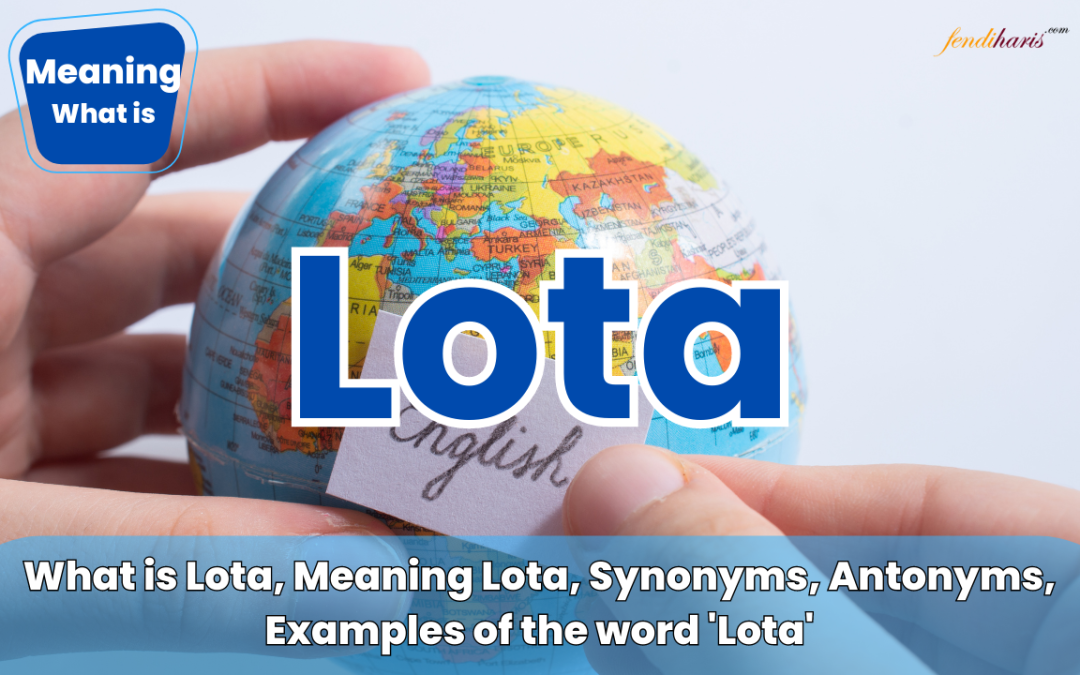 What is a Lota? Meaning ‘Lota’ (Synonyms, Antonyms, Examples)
· · ·
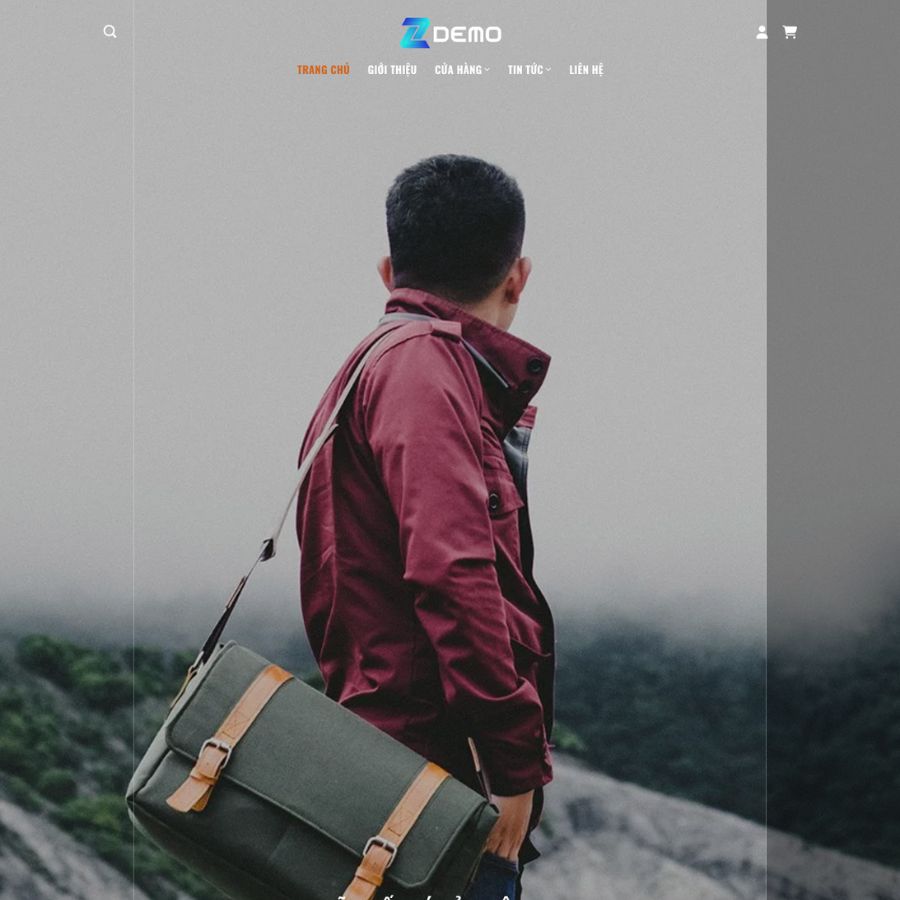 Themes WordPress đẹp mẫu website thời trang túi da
· · ·
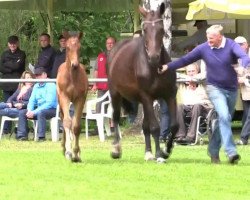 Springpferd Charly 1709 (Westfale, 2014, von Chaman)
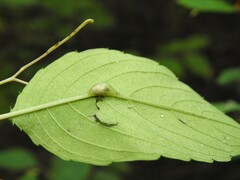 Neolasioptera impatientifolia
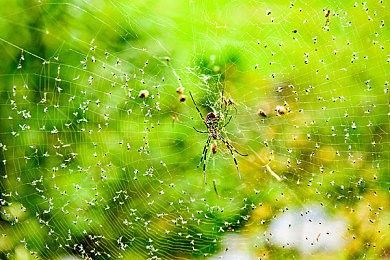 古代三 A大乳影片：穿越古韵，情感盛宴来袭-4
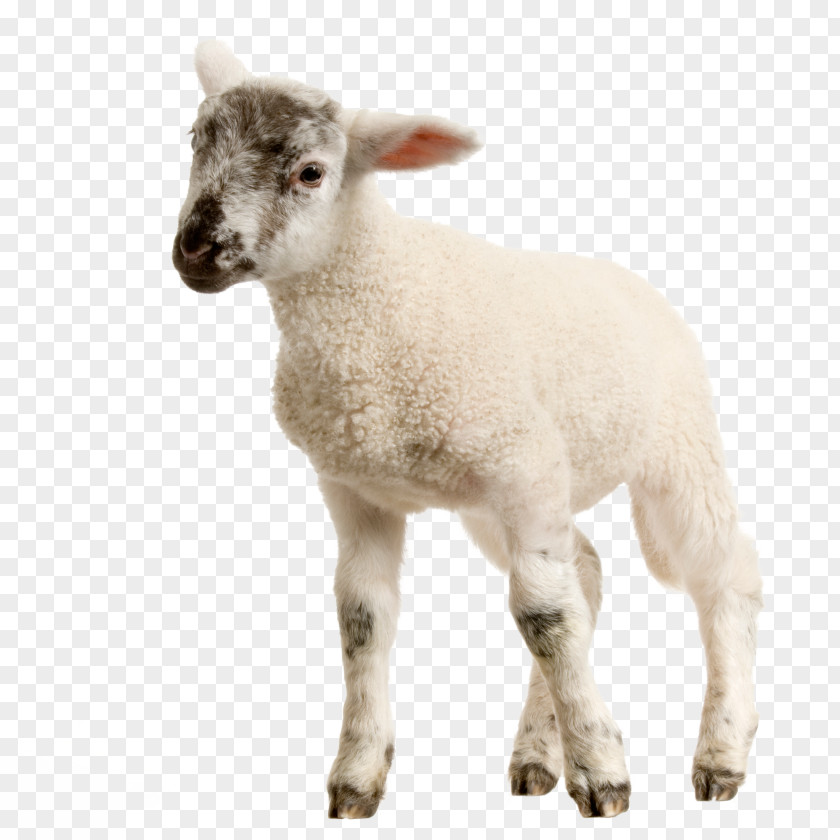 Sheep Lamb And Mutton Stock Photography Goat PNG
· · ·
> [Task requirements]:
Because only one stretch of the records is wanted, please output the lines from the one holding "古代三 A大乳影片：穿越古韵，情感盛宴来袭-4" through the one holding "Sheep Lamb And" exactly, both included, and leave every picture out.

> [Written response]:
 古代三 A大乳影片：穿越古韵，情感盛宴来袭-4
 Sheep Lamb And Mutton Stock Photography Goat PNG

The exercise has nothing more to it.